The final guidance (DEVELOP-RCD) consisted of a standardized workflow to facilitate the development, validation, and evaluation of algorithms (Fig. 1), along with specific recommendations for consolidating good practices.

Fig. 1
figure 1

Workflow for development, validation, and evaluation of algorithms for populating health status in observational studies of routinely collected healthcare data (DEVELOP-RCD)

Standardized workflow

Typically, it is essential to establish a framework for target health status before developing an algorithm. This framework should encompass the setting in which routinely collected data were generated, the medical definition of the health status, and the timing of identifying the health status. For instance, when developing an algorithm to identify sepsis, one would understand the clinical criteria for defining sepsis (e.g., Sepsis-3 criteria), determine the type of data [e.g. electronic medical records, claims data, intensive care units (ICU) registry], and decide whether the sepsis is identified for post-hoc monitoring or supporting real-time diagnosis.

When aiming for a specific health status, one should first search to ascertain the availability of an existing algorithm and evaluate its suitability for the target health status. In numerous instances, algorithms may have already been developed, and reviewing these existing algorithms can assist researchers in determining their appropriateness for the target health status.

The assessment of suitability will be based on the performance of the current algorithm and its alignment with the target health status framework. If the algorithm’s performance is poor or if the setting, timing, or medical definition are inconsistent with the target framework, it may not be deemed suitable. Notably, the assessment of suitability can sometimes be subjective and dependent on how well existing algorithms meet research requirements.

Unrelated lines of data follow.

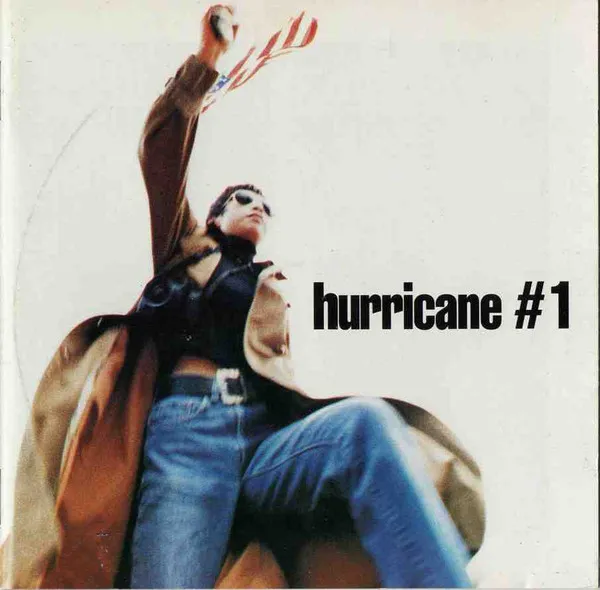 HURRICANE #1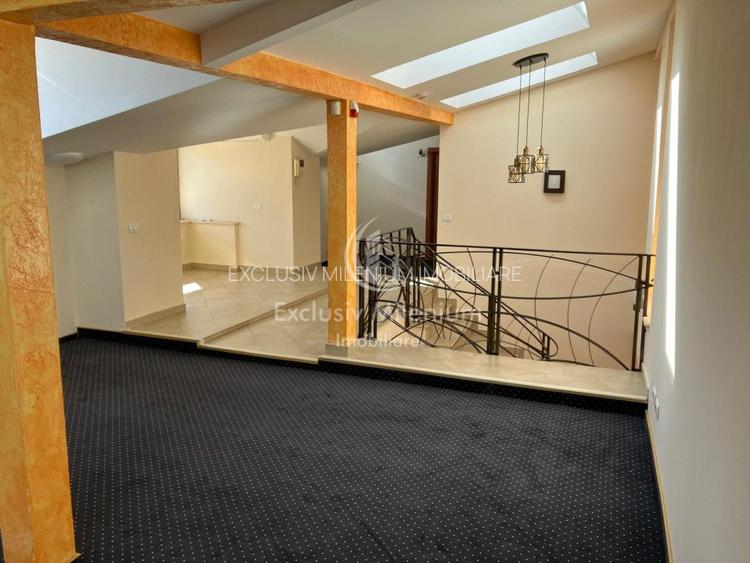 Vila / Casa Cotroceni - Eroilor Metrou ideal Birouri - 18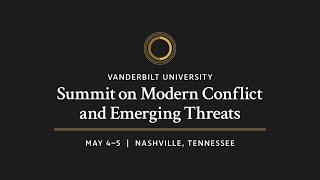 Vanderbilt Summit   Welcome from Tennessee Senators, Representatives, and the Governor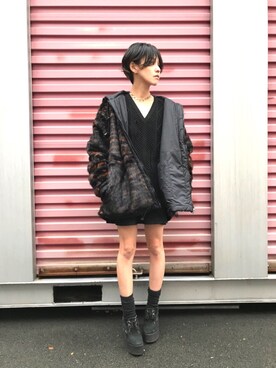 mayumiさんのコーディネート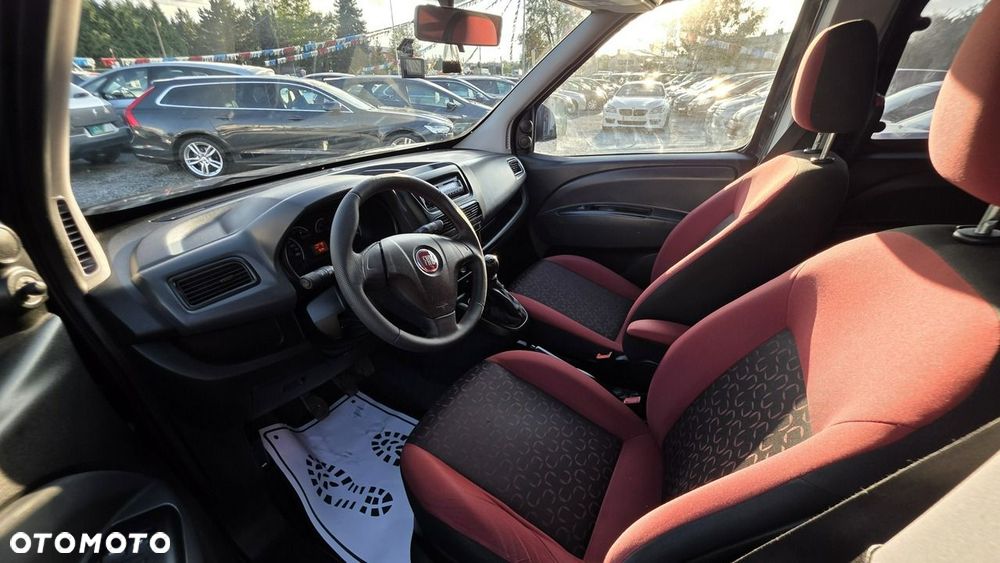 Fiat Doblo - 15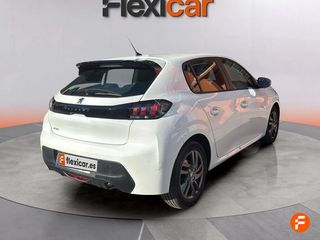 Peugeot 208 PureTech 73kW (100CV) EAT8 Active Pack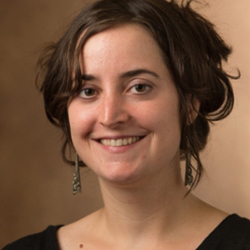 Susanne DiSalvo, PhD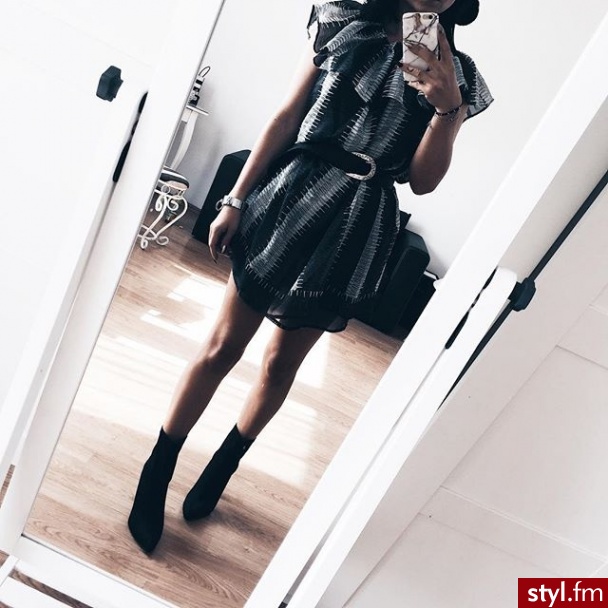 Pozostałe Sukienki Moda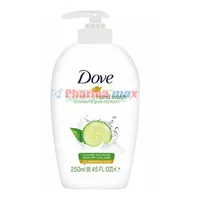 Dove Hand Wash Cucumber 250ml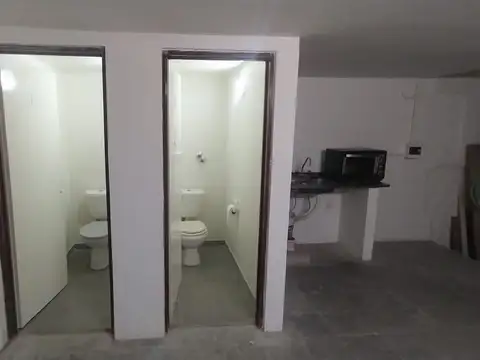 Galpon en Alquiler en Chacarita, $ 2.000.000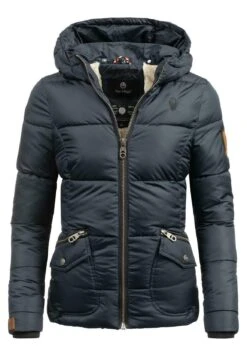 Navahoo Megan - Winterjas - Navy 10 Navahoo Megan - Winterjas - Navy -Navahoo 9cb3523b023a4580895fefad24fe3591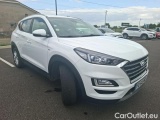  Hyundai  Tucson 1.6 CRDI 136 HYBRID 48V DCT-7 BUSINESS #56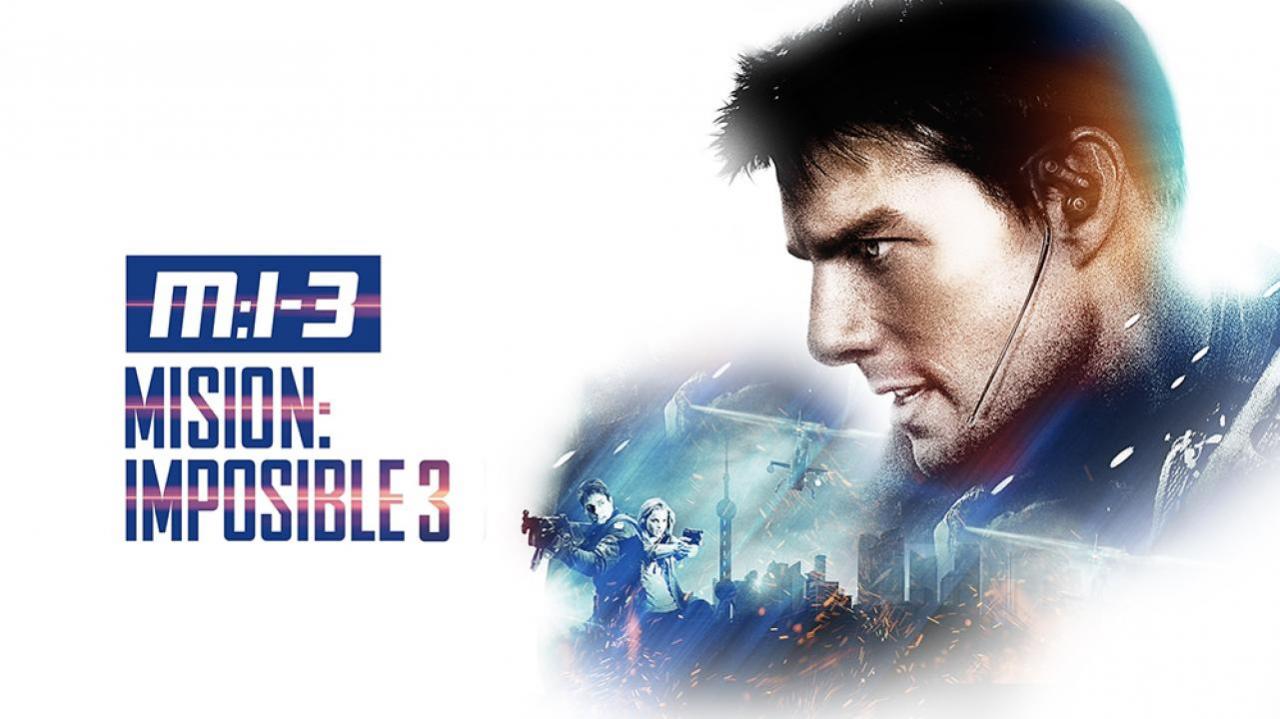 فيلم Mission: Impossible III 2006 مترجم HD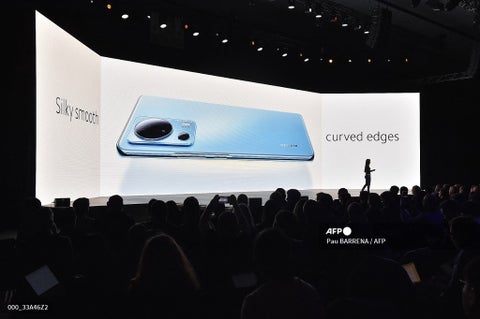 Xiaomi lanzó la nueva versión Redmi Note Pro 2024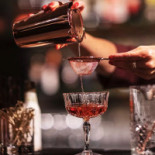 Panelen Steakhouse Dryck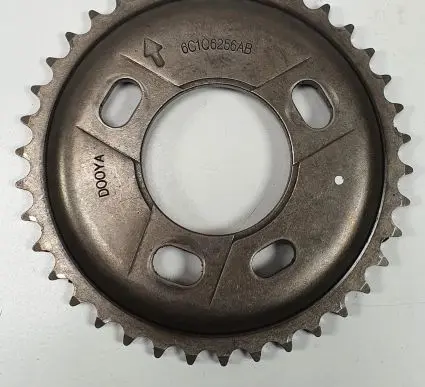 Ford Transit Timing chain sprocket 6C1Q6256AB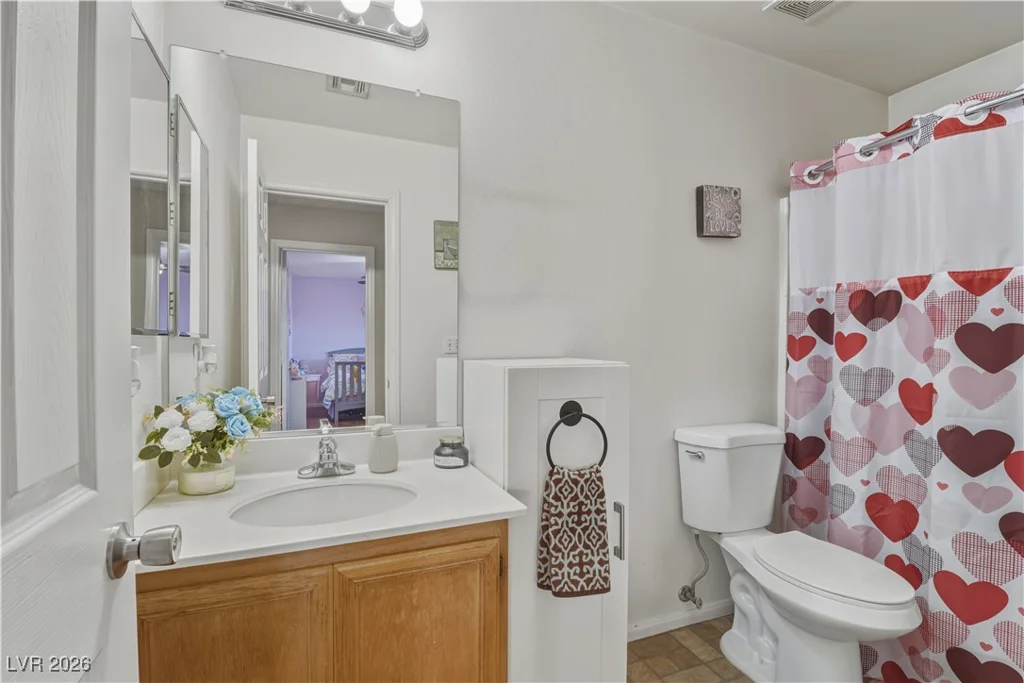 3512 Laguna Veneta, Las Vegas, NV 89141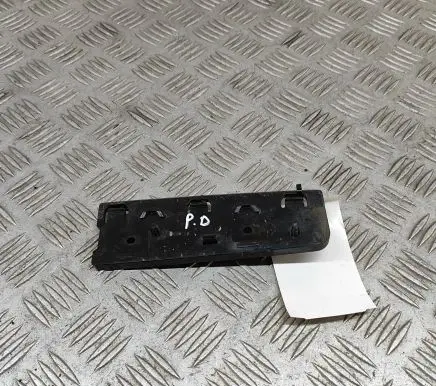 Ford Transit Custom Front bumper mounting bracket BK3117D958BD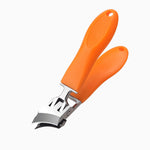 Precision Nail Clipper | Clean and Accurate Cuts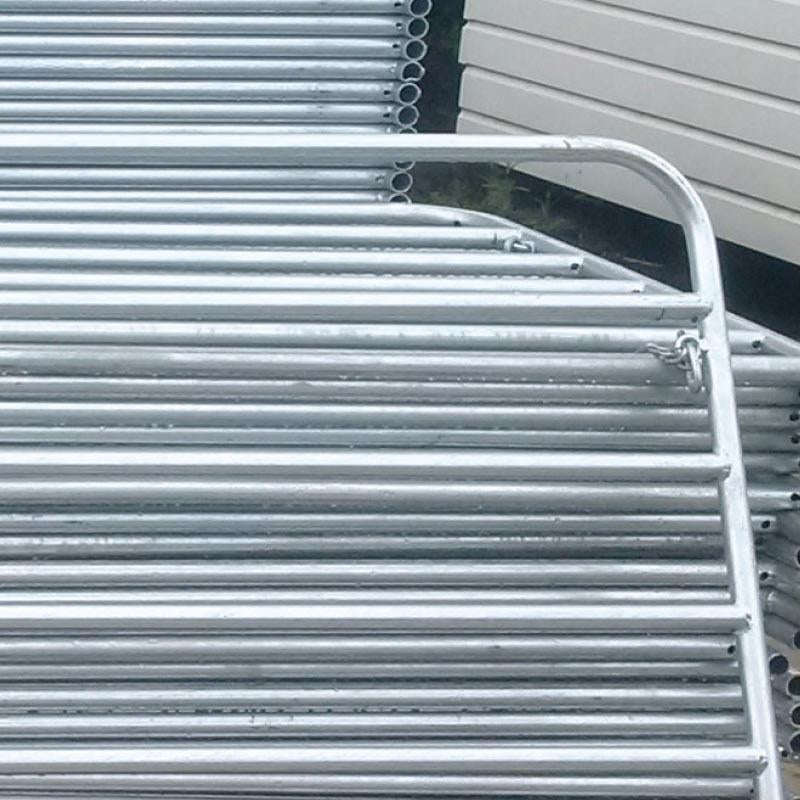 Bulger Gate Bull Gates - 9' (2.75m) | 10' (3.0m) | 12'(3.6m) | 14'(4.2m) – FarmShop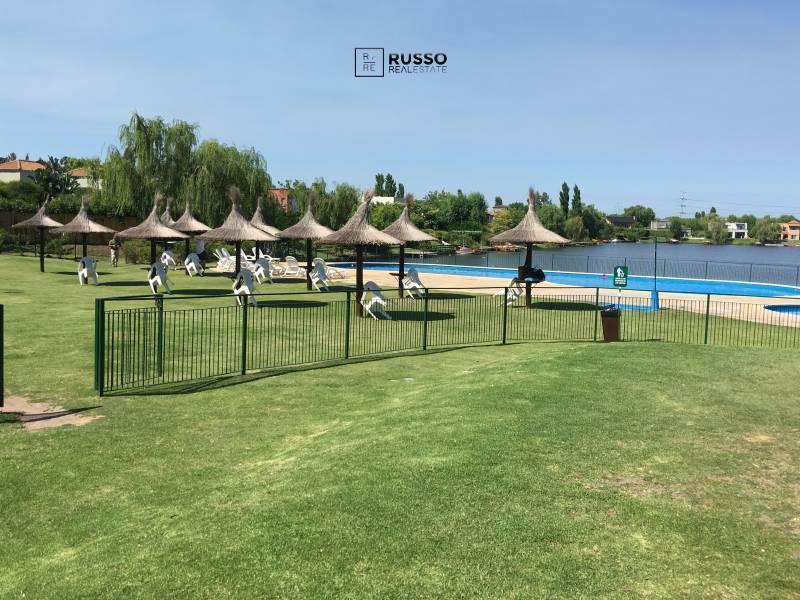 Lote en Venta Escriturado - Talar del Lago 2 2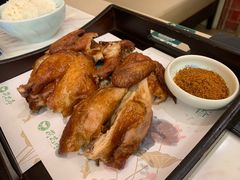 -荷花亭·湖北融合菜(中商广场店)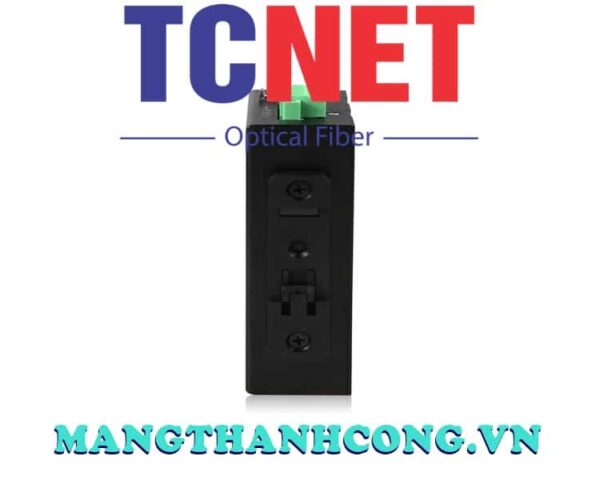 switch cong nghiep wintop yt rs205 5t switch cong nghiep 5 cong 10100base tx gan din nguon dc1875v 3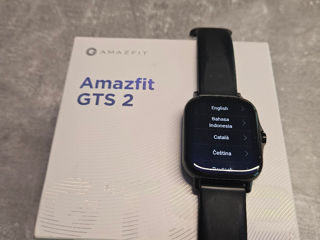 Xiaomi Amazfit GTS 2 foto 1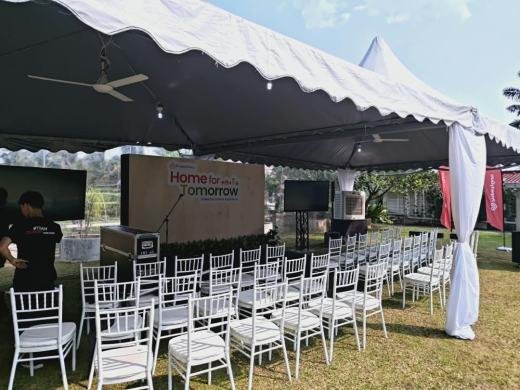 Home for Tomorrow event photo 2, 2026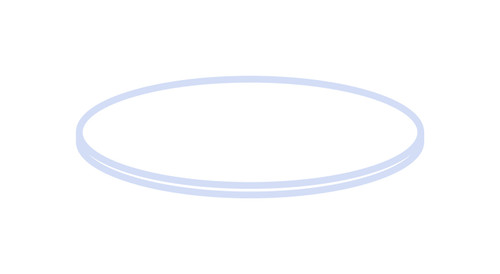Septa N9 PTFE w, 53°, 0.25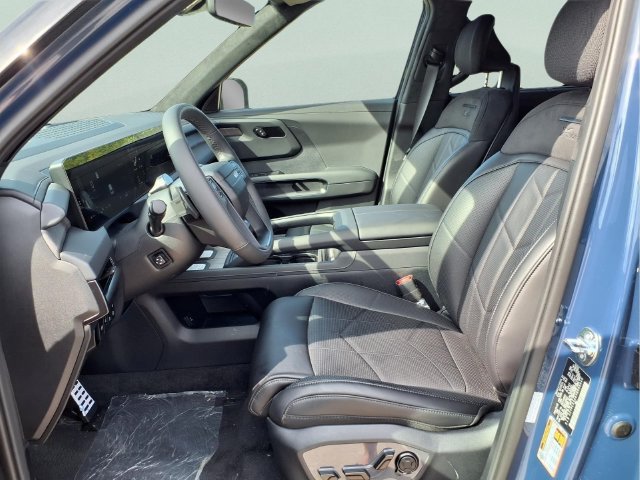 New 2027 Kia Telluride X-Line SX Prestige AWD/4WD image 15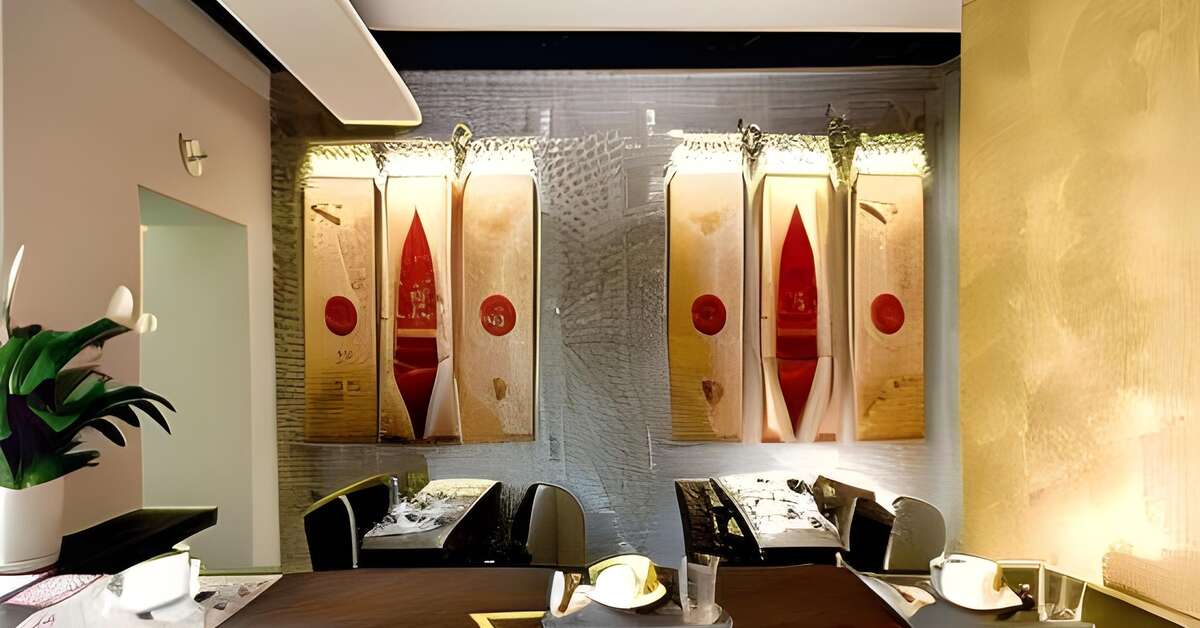Een foto van Hotel Garda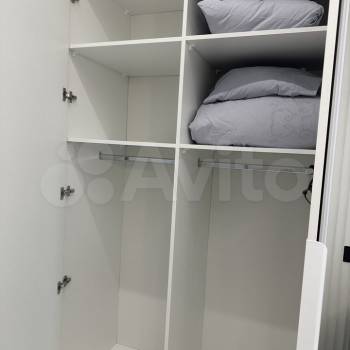 Сдается 1-комнатная квартира, 27,3 м²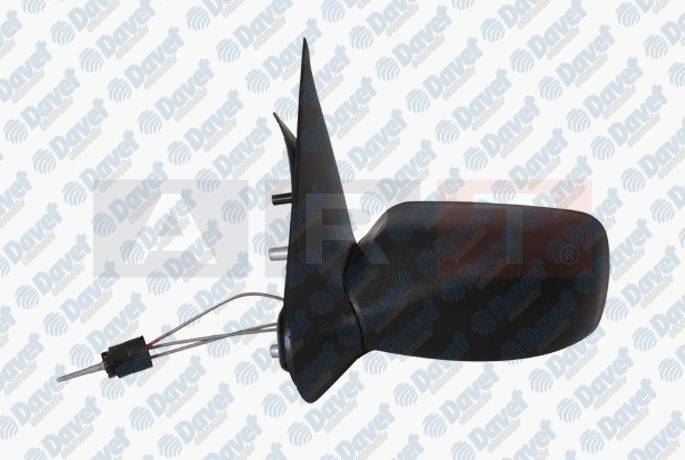 ART M003.3015 Dis Dikiz Aynasi Mekanik Sag Ford Fiesta 98-01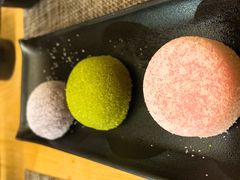 -昊·来了寿司(双楠2店)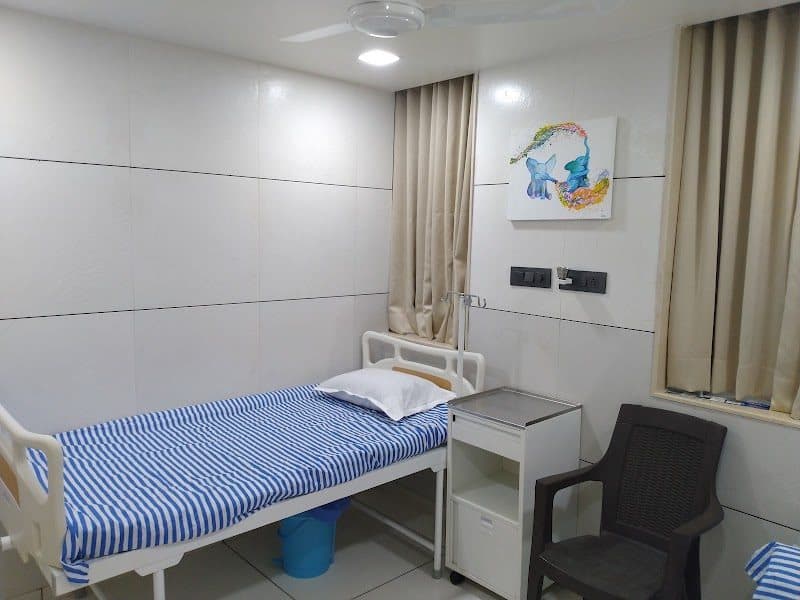 Naari Women's Hospital Naari Women's Hospital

If an existing algorithm is considered unsuitable or if no suitable algorithms are available, a new algorithm must be developed, validated, and evaluated for its impact on the results. The algorithms can range from simple single codes such as diagnosis codes (e.g., International Classification of Diseases Codes) to complex machine learning using multiple variables. It is important to carefully select potential variables for algorithm development and choose appropriate methods (e.g., codes-based, rule-based algorithms, or machine learning methods).

When conducting a validation study, it is crucial to carefully consider methodological aspects such as the approach to population sampling, sample size determination, selection of an appropriate reference standard, and the application of suitable statistical methods for assessing accuracy estimates [e.g., sensitivity, specificity, positive predictive value (PPV), negative predictive value (NPV)]. Furthermore, it is essential to evaluate the potential risk of algorithm misclassification and assess how any resulting bias may impact effect estimation. This can be achieved through correction or quantification of potential misclassification bias and by performing sensitivity analyses to ensure the robustness of study findings (Fig. 1).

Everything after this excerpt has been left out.